Ok, hear me out. I know this is what those dirty hippies use to light their magical oregano so they can bask in the organicness of nature and all that. But has anybody used it for lighting cigars, or pipes? If it's as clean as they say, it sounds like it'd be a great way to light or touch up your cigar/pipe without any sort of butane/lighter fluid funking up the taste. I ordered some to try out with my cigars and RYO's and was just curious if anybody had used it and what you thought.


----------



## talidin (Aug 4, 2011)

Relax mon give it a try and let us know how it goes, maybe a review?:w


----------



## Kingtut82 (Dec 1, 2012)

Yes please do let us all know how this works out for you.
It sounds hilarious though lol


----------



## CigarGoogler (Sep 23, 2012)

Excellent question. To test it out, I threw some munchies out on the walk and pushed over the first hippy to take the bait. I tried it with a Macanudo Maduro ascot (4x32), assuming the smaller vitola gave the best chance of any residual flavor transfer to become obvious. I was worried that the wax coating would color the initial draws. 
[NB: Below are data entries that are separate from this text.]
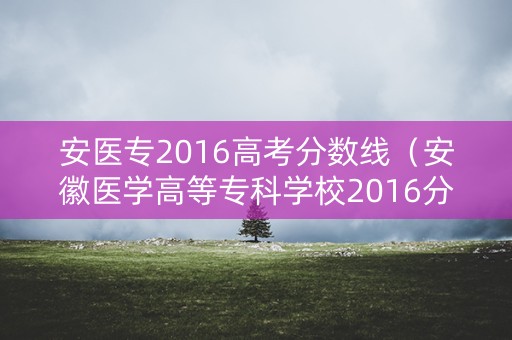 安医专2016高考分数线（安徽医学高等专科学校2016分数线）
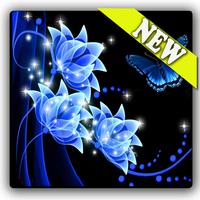 3d blue rose theme Plakat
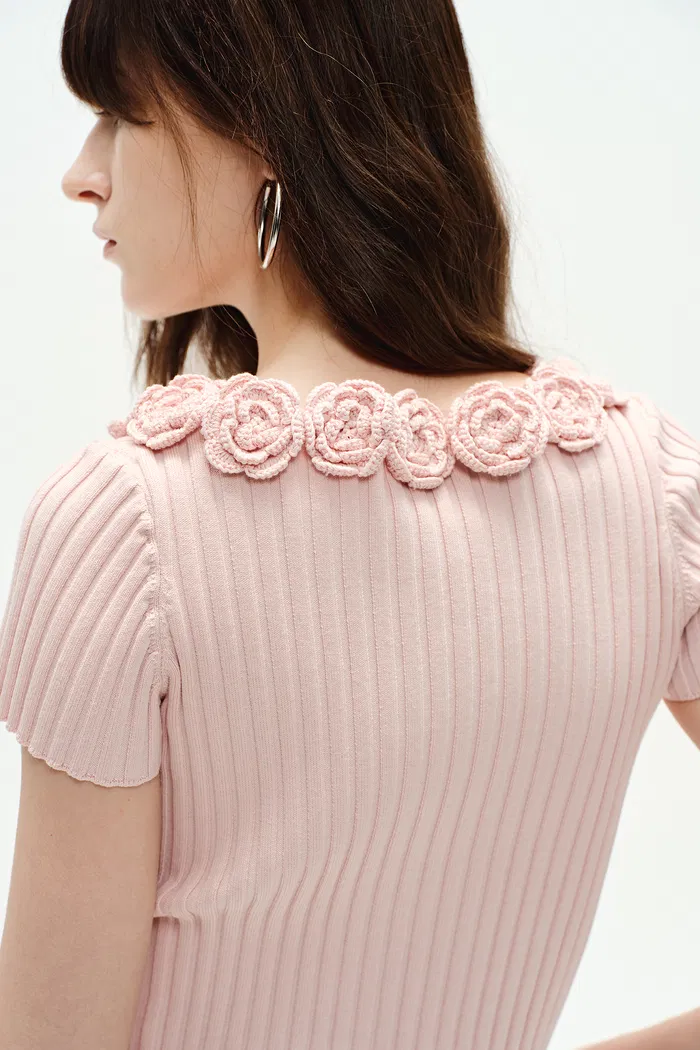 Sabrina Floral Sweater in Silk Cotton Knit - Image 8
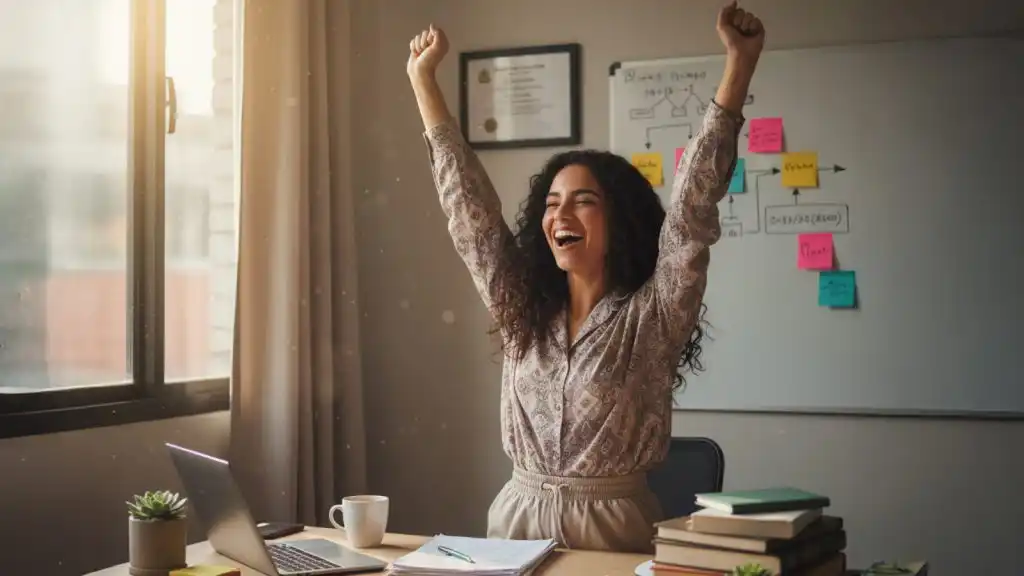 Mujer sonriente con los brazos en alto frente a un laptop, simbolizando la productividad académica y el éxito personal.
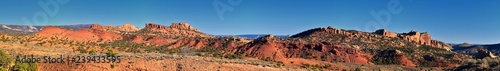 Panorama Landscapes views from Road to Flaming Gorge National Recreation Area and Reservoir driving north from Vernal on US Highway 191, in the Uinta Basin Mountain Range of Utah United States, USA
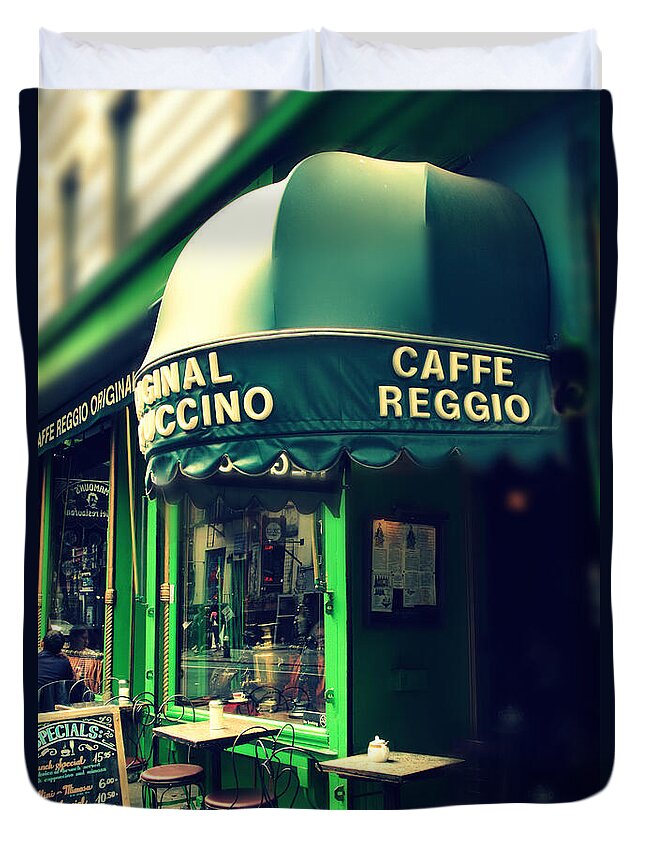 Cafe Duvet Cover featuring the photograph Caffe Reggio by Jessica Jenney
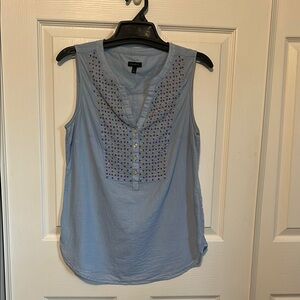 TALBOTS Blue Bead Embellished Sleeveless Blouse with Bib Collar Women's Small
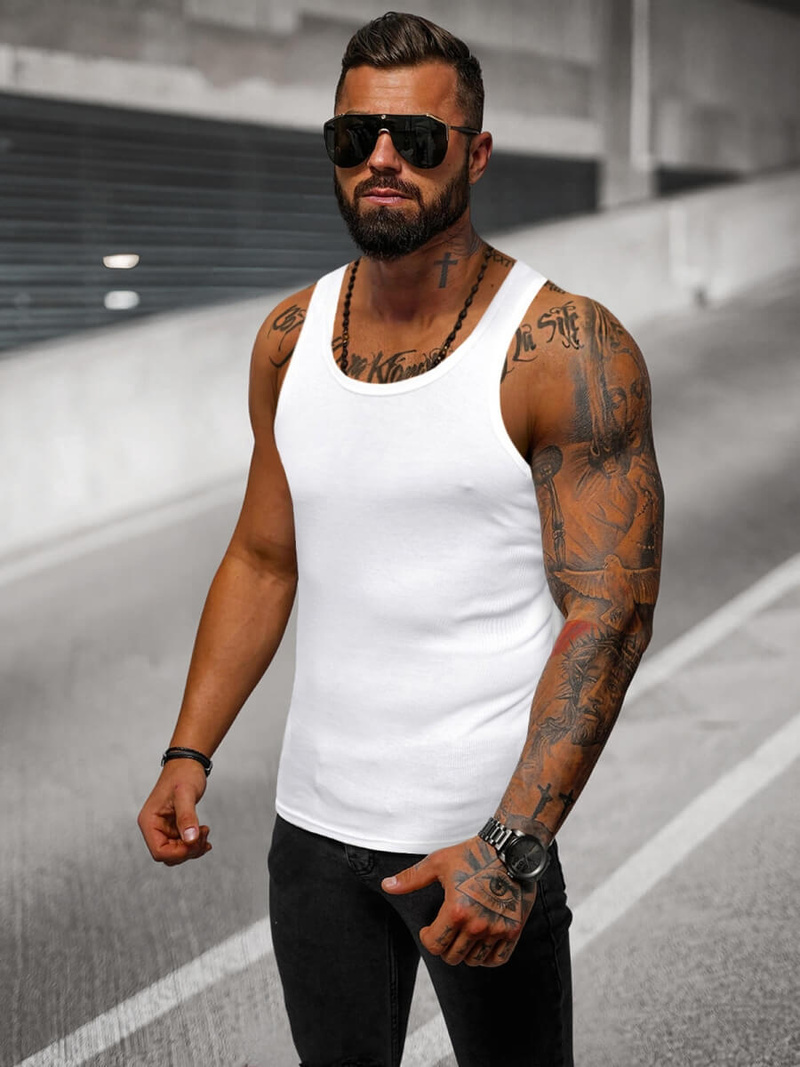 Moška majica brez rokavov bela OZONEE JS/NB002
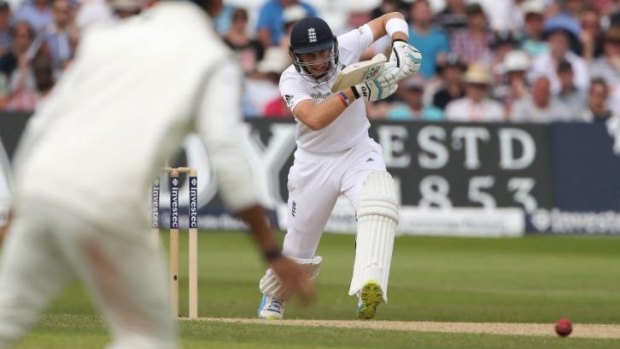 On the front foot: Joe Root scored well on a pitch that does not suit his game.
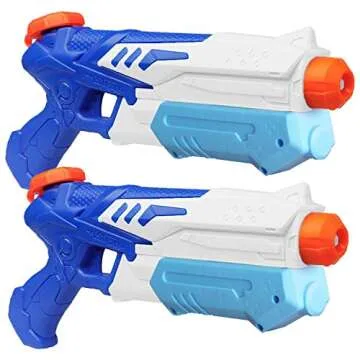 Water Gun for Kids and Adults(Set Includes 2 Guns) Long Shooting(Up to 30 feet) Squirt Guns with Big Water Reservour(1200 CC) (White)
My take: Herf's up, dude! Nothing but tobacco and, unlike some matches, you get plenty of even burn time to toast and fire that foot!


----------



## Cypress (Jun 27, 2007)

Pretty soon Colorado will be lighting up more than a hemp wick to light cigars.


----------



## Stradawhovious (Oct 17, 2012)

CigarGoogler said:


> Excellent question. To test it out, I threw some munchies out on the walk and pushed over the first hippy to take the bait.


I bet that didn't take long in your 'hood. :lol:


----------



## Kingtut82 (Dec 1, 2012)

Not only Colorado Washington state too.
and yea lol


----------



## oletimer54 (Feb 28, 2010)

yeah i use it, BEELINE is the brand i use. dont use it all the time. but have a huge roll left over from when i was a burnout. clean taste for sure.


----------